After a hearing on November 20, 2003, and another on December 15, 2003, the D.C. District Court issued a Judgment and Memorandum Opinion on December 16, 2003, only four days after the publication of the 2003 Final Rule, vacating the March 2003 Supplemental EIS, the 2003 ROD and the 2003 Final Rule. The D.C. District Court remanded the March 2003 Supplemental EIS, the 2003 ROD and the December 11, 2003, Final Rule to the NPS *1285for further proceedings and ordered the 2001 Snowcoach Rule, as modified by the 2002 Rule to remain in effect until further order of the Court.1
Wyoming and ISMA requested a stay of the D.C. District Court decision in the D.C. District Court, then in the D.C. Circuit Court of Appeals, both of these requests were denied.

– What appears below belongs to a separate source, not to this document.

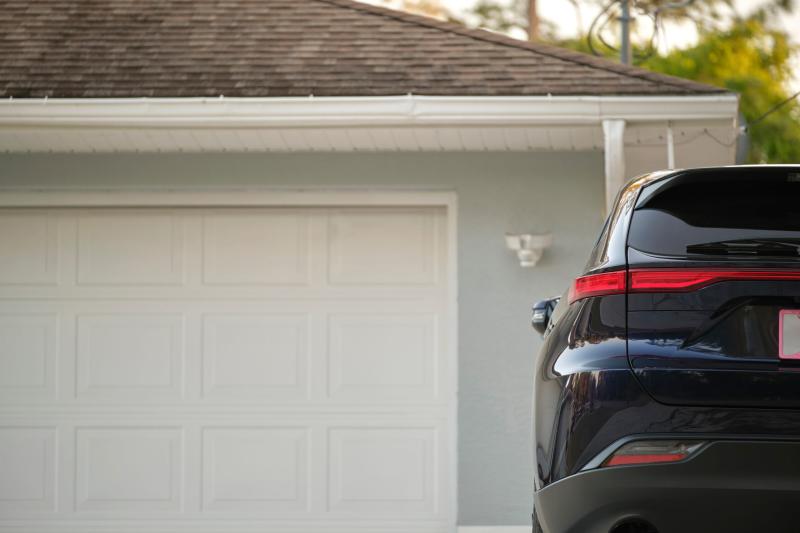 Ιδιωτικός χώρος στάθμευσης Ενοικίαση αυτοκινήτου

An appeal of the D.C. District Court’s Judgment and Memorandum Opinion of December 16, 2003 is currently pending in the D.C. Circuit Court of Appeals.

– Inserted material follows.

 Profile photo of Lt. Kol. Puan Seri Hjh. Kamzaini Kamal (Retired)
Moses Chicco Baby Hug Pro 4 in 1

Because of the D.C. District Court ruling, the 2001 Snowcoach Rule was implemented for the first time on December 16, 2003. Once the 2001 Snowcoach Rule was in effect for the first time, Wyoming requested this Court to reopen the pending case challenging the validity of the 2001 Snowcoach Rule. The case was reopened by this Court’s Order Reopening Case, filed on December 31, 2001.
Jurisdiction
The first issue for this Court to consider is whether it has the proper authority to issue a preliminary injunction in this matter. GYC Defendant-Intervenors argue that this Court does not have jurisdiction to grant an injunction because any injunction granted by this Court would directly conflict with the mandatory injunction issued by the D.C. District Court in its December 16, 2003, Judgment and Memorandum Opinion.
This Court does not believe that the D.C. District Court issued a mandatory injunction in its December 16, 2003, Judgment and Memorandum Opinion. The D.C. District Court’s Judgment and Memorandum Opinion ruled on cross motions for summary judgment and found the 2003 Rule, the 2003 Final EIS, and 2003 ROD invalid. After invalidating the 2003 Rule, the D.C. District Court replaced the 2003 Rule with the 2001 Snowcoach Rule as modified by the 2002 Rule.
This Court wants to make clear that the issue in this case is not the validity or the wisdom of the D.C. District Court’s December 16, 2003, Judgment and Memorandum Opinion. The issue in this case is the validity of the 2001 Snowcoach Rule, a matter over which this Court has had jurisdiction since December 6, 2000. These two issues are separate and distinct and there are no issues of judicial comity presented by this Court deciding the validity of the 2001 Snowcoach Rule. As the D.C. District Court itself pointed out, “[t]his doctrine [of federal comity] has no application unless an identical complaint is filed in two different federal courts, which no one contends is the case here. Furthermore, ... the federal comity rule is a discretionary doctrine.” (Order of September 15, 2003 at p. 11, Judge Sullivan) (citations omitted).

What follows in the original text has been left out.